Inviolability of Consular Premises

Inviolability of Consular Premises

Inviolability of Diplomatic and Consular Premises in 2013

United States views on international law [1] in relation to Inviolability of Diplomatic and Consular Premises: See discussion of Ahmed v. Attorney General of the United States in section A.1., in this world legal Encyclopedia, in which the United States filed a motion to clarify or vacate an order of the U.S. District Court for the Northern District of Georgia regarding service of process.
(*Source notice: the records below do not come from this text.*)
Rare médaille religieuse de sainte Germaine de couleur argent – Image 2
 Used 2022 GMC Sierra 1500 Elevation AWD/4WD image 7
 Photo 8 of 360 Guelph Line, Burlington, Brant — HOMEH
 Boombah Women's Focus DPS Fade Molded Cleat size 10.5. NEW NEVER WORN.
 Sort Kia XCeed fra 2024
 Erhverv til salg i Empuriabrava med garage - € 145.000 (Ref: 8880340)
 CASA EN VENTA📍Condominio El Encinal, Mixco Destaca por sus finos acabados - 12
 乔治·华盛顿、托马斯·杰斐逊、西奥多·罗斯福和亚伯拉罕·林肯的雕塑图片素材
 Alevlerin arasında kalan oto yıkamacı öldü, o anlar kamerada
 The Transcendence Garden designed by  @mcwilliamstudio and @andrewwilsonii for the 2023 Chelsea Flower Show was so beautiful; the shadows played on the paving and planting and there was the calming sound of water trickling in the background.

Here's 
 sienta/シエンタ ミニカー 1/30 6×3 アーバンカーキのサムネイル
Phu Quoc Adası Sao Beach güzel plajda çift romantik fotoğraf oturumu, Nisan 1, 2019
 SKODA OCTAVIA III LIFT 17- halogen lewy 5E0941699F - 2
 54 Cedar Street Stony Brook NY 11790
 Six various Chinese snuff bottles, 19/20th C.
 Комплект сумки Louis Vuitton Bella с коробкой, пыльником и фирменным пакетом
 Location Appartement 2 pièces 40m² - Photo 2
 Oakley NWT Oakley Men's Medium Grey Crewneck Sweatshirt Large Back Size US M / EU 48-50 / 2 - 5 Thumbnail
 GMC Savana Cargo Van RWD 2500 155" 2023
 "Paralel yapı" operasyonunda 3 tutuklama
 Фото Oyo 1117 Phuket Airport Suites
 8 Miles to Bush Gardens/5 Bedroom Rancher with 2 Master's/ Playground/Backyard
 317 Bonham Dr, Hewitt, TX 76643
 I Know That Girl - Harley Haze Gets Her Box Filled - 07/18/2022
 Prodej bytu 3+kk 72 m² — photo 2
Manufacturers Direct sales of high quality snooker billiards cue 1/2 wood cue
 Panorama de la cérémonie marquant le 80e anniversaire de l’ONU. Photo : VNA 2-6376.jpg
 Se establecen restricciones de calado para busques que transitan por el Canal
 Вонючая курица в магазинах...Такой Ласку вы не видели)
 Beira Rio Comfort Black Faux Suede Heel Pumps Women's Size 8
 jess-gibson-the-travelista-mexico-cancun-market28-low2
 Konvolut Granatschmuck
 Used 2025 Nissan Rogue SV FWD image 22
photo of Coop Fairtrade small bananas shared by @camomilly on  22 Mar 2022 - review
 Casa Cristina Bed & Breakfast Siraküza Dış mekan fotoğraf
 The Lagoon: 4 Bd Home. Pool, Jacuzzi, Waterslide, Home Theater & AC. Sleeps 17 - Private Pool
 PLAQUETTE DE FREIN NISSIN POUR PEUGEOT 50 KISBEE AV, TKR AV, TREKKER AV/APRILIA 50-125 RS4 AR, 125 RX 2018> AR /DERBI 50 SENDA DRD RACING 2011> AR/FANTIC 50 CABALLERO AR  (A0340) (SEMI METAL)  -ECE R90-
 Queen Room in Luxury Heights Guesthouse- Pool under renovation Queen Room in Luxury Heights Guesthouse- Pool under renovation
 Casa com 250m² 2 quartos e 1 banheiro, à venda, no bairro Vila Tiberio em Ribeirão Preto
The United States’ brief explains that an order requiring the U.S. Marshals Service to deliver a summons and complaint to a Nigerian consulate or the Nigerian Embassy would run contrary to the Vienna Convention on Consular Relations and the Vienna Convention on Diplomatic Relations, respectively.

The inviolability of diplomatic and consular premises


Following the incident at the Libyan People’s Bureau 17 April 1984, and the attempted abduction of Mr Umaru Dikko on 5 July 1984, the british government undertook a throrough review of the action available to it for dealing with abuse of diplomatic privileges under the Vienna Convention on Diplomatic Relations.

In a white paper published in 1985, the UK government stated inter alia that it would do the following:

  • implement a firmer policy toward the application of the Vienna Convention;
  • limit in its discretion the size of individual missions on a case by case basis;
  • take administrative measures to deal with abuse of diplomatic premises and to limit the extent of mission premises in accordance with international law and practice.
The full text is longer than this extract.